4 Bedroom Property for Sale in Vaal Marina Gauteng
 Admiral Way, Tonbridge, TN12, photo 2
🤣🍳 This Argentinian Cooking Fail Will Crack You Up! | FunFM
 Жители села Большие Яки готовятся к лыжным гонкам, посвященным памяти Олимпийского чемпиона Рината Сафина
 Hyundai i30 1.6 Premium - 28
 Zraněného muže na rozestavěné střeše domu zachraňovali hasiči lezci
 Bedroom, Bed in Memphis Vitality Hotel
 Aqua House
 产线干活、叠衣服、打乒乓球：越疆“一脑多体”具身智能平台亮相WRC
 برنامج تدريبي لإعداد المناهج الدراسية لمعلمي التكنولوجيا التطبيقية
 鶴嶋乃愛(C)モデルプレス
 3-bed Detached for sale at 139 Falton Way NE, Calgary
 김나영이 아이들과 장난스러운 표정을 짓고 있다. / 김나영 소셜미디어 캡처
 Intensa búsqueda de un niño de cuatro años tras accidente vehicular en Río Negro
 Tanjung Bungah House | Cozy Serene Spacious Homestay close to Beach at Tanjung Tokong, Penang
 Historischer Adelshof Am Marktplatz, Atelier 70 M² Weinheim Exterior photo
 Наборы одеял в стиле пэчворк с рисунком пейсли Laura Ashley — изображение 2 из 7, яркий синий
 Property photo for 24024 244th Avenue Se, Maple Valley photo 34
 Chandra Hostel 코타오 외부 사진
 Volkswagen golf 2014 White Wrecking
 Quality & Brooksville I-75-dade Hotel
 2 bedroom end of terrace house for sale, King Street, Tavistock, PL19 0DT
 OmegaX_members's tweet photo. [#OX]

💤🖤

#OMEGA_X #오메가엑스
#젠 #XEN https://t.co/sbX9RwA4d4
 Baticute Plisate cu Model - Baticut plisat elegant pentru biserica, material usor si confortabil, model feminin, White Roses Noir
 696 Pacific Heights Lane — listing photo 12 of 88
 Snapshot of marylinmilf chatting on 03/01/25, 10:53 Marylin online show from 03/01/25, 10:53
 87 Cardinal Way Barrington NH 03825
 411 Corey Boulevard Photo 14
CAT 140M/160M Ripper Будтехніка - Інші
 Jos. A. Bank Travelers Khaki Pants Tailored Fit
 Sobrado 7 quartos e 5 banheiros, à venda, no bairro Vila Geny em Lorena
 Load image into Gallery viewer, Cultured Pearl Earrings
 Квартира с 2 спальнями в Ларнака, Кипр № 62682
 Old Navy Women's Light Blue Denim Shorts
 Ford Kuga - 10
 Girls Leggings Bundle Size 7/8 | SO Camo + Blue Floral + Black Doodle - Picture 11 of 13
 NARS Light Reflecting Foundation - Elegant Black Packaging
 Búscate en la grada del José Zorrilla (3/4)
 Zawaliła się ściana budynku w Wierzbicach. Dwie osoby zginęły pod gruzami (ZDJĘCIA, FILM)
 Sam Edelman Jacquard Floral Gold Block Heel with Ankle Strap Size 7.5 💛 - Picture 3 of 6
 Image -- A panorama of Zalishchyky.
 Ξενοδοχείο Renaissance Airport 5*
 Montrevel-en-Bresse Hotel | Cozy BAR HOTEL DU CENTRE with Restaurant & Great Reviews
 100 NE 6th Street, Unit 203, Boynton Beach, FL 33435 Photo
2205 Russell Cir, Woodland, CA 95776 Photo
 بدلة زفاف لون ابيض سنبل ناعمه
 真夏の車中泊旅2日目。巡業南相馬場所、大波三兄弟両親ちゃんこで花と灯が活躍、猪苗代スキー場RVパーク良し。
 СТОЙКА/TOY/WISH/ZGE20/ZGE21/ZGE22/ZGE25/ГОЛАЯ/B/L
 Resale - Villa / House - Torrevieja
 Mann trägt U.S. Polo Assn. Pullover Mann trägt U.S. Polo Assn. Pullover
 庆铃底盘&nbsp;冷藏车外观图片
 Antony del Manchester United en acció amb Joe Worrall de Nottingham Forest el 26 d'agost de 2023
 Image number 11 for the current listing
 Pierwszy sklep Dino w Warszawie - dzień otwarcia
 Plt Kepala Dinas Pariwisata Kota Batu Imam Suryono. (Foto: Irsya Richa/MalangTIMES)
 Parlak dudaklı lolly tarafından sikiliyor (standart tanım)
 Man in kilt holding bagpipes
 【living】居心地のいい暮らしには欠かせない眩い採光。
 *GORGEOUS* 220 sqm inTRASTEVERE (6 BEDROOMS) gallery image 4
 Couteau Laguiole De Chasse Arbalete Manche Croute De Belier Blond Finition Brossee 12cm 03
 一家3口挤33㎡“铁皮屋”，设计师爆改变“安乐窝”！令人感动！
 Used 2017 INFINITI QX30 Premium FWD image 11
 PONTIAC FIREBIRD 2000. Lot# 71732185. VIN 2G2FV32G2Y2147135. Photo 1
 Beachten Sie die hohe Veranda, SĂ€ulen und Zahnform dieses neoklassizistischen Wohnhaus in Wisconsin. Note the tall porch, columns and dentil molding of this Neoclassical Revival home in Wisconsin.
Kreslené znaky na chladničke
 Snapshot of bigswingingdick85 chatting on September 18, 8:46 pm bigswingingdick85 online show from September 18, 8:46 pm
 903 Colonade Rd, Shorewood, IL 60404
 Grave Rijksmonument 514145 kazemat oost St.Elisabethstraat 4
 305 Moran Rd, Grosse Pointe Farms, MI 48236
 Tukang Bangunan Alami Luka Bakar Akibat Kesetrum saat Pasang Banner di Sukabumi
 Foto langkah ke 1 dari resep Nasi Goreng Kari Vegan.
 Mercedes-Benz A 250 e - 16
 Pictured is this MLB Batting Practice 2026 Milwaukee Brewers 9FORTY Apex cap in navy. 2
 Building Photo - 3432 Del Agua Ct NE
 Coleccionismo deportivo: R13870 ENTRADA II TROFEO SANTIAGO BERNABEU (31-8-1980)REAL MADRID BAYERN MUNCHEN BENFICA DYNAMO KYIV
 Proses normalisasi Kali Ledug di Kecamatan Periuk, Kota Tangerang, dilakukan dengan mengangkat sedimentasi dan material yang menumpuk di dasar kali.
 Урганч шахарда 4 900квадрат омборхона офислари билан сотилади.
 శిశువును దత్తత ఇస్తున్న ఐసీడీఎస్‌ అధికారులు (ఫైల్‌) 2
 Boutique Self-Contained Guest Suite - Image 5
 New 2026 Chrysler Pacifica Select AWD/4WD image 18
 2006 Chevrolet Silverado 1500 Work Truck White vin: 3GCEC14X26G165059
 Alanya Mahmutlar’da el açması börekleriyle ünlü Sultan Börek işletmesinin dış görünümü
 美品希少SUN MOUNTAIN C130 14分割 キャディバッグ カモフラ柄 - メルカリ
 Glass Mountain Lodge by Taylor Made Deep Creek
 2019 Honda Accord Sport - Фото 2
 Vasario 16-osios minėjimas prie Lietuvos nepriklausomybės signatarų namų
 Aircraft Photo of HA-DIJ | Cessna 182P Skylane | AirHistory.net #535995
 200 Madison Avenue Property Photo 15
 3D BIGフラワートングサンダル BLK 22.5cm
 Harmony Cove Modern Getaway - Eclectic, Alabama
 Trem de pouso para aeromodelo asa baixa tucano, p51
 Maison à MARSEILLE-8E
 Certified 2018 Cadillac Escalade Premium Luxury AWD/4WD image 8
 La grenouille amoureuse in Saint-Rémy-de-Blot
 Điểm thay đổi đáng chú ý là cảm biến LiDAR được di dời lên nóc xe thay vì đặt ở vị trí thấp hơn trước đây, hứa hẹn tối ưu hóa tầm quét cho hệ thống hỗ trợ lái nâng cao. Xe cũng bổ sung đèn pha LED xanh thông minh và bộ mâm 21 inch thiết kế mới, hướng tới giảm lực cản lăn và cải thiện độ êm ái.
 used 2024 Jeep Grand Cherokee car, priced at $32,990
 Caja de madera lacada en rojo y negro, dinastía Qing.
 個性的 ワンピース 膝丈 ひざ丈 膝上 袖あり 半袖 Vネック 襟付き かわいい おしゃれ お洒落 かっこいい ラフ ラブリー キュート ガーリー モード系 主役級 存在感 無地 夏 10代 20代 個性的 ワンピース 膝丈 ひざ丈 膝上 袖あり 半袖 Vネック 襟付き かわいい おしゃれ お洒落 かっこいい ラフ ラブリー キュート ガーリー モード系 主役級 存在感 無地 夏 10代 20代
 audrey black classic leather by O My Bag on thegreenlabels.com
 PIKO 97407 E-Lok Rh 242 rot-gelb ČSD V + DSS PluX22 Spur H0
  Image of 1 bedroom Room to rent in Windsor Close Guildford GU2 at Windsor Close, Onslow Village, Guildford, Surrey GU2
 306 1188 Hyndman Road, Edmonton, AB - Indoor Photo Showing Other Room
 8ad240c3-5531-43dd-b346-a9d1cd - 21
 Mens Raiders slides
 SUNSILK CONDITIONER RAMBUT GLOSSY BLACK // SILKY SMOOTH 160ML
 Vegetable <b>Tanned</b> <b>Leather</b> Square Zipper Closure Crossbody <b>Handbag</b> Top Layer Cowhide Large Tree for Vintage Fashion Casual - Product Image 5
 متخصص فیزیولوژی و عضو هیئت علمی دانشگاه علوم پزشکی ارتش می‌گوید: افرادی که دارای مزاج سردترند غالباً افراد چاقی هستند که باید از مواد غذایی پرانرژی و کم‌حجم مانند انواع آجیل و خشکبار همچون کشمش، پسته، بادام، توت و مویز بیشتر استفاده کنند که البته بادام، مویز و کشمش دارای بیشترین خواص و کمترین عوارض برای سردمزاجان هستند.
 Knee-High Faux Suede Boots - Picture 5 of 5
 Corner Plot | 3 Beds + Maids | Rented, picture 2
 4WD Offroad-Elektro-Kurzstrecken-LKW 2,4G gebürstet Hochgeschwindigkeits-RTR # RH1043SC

· · · · ·

WORK REQUIRED: Scan the entries above for the line containing "Couteau Laguiole De", and copy it and all lines after it exactly, down to and including the line containing "PONTIAC FIREBIRD 2000.".

TASK OUTPUT:
 Couteau Laguiole De Chasse Arbalete Manche Croute De Belier Blond Finition Brossee 12cm 03
 一家3口挤33㎡“铁皮屋”，设计师爆改变“安乐窝”！令人感动！
 Used 2017 INFINITI QX30 Premium FWD image 11
 PONTIAC FIREBIRD 2000. Lot# 71732185. VIN 2G2FV32G2Y2147135. Photo 1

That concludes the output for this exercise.